"Nowy podatek". Abp Jędraszewski wprowadza opłatę dla parafii
Metropolita krakowski abp Marek Jędraszewski wydał dekret, w którym nakazuje parafiom oddawać kurii dziesięcinę z ich przychodów od prowadzonej działalności. Zdaniem hierarchy zgromadzone w ten sposób środki mają pomóc wspólnotom, które borykają się z kryzysem finansowym i energetycznym.
21.09.2022 20:25
Długie tygodnie pandemii koronawirusa, inflacja i wzrost cen i energii odcisnęły piętno na Kościele katolickim w Polsce. Ta pierwsza sprawiła, że kościoły opustoszały, z kolei pozostałe - skutecznie uszczuplają kasę wspólnot. Niektórzy proboszczowie mówią o rachunkach, które jeszcze na początku tego roku skoczyły o blisko 300 proc.
Rozwiązanie na te problemy znalazł abp Marek Jędraszewski, który 12 września wydał dekret zobowiązujący każdą parafię na terenie archidiecezji do oddawania na rzecz kurii dziesiątej części przychodów z prowadzonej działalności.

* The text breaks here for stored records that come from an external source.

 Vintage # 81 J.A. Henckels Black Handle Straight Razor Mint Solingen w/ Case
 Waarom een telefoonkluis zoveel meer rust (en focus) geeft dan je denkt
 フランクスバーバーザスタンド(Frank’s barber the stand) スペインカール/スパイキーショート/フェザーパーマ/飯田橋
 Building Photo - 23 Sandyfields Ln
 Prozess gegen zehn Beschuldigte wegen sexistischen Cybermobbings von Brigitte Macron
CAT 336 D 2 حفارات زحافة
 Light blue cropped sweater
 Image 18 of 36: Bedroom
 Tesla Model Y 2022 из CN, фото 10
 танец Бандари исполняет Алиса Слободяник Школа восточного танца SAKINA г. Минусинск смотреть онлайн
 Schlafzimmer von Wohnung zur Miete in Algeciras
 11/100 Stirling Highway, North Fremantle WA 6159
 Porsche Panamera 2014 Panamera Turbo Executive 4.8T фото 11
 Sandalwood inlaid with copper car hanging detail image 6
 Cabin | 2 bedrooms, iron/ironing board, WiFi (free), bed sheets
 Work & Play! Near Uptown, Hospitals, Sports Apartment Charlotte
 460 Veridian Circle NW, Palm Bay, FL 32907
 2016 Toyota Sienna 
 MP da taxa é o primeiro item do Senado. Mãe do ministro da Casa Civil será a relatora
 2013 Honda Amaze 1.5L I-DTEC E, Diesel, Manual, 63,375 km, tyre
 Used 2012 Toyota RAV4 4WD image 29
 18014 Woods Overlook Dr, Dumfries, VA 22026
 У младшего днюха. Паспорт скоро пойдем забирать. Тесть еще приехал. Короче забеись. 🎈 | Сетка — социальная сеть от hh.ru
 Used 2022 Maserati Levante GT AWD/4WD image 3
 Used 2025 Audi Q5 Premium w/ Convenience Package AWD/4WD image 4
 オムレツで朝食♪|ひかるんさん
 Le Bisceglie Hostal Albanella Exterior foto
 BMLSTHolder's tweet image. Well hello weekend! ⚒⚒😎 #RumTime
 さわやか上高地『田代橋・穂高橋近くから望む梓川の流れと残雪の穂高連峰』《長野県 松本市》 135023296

"Celem podatku jest pokrycie potrzeb diecezjalnych, m.in. wynikających z zasad sprawiedliwości oraz solidarności potrzeby wspierania wspólnot parafialnych znajdujących się w trudnej sytuacji finansowej w ich misji sprawowania kultu, działalności charytatywno-opiekuńczej, konserwacji zabytków czy prowadzenia inwestycji sakralnych i remontów" - wyjaśnia w dekrecie krakowski metropolita.
- Chodzi o dodatkowe wpływy, jakie poszczególne parafie czerpią z dzierżawy nieruchomości, prowadzonych sklepików czy otrzymywanych w zamian za to, że na ich terenie stoją maszty telekomunikacyjne - wyjaśnia w rozmowie z Onetem rzecznik kurii ksiądz Łukasz Michalczewski.
Zaskakująca forma wprowadzenia
Sceptycznie do pomysłu podchodzą niektórzy księża z archidiecezji krakowskiej. Jednym z nich jest ks. Tadeusz Isakowicz-Zaleski, który jest zaskoczony formą wprowadzenia rozwiązania.
- Zaskakuje mnie forma i sposób, w jaki arcybiskup Jędraszewski komunikuje nam nałożenie nowego podatku. To dokument naszpikowany paragrafami, wydany bez żadnych konsultacji z najbardziej zainteresowanymi. Nie twierdzę, że wszystko w dekrecie jest złe, ale metropolita obwieścił to, jak król, który nie rozmawia ze swoimi poddanymi - komentuje.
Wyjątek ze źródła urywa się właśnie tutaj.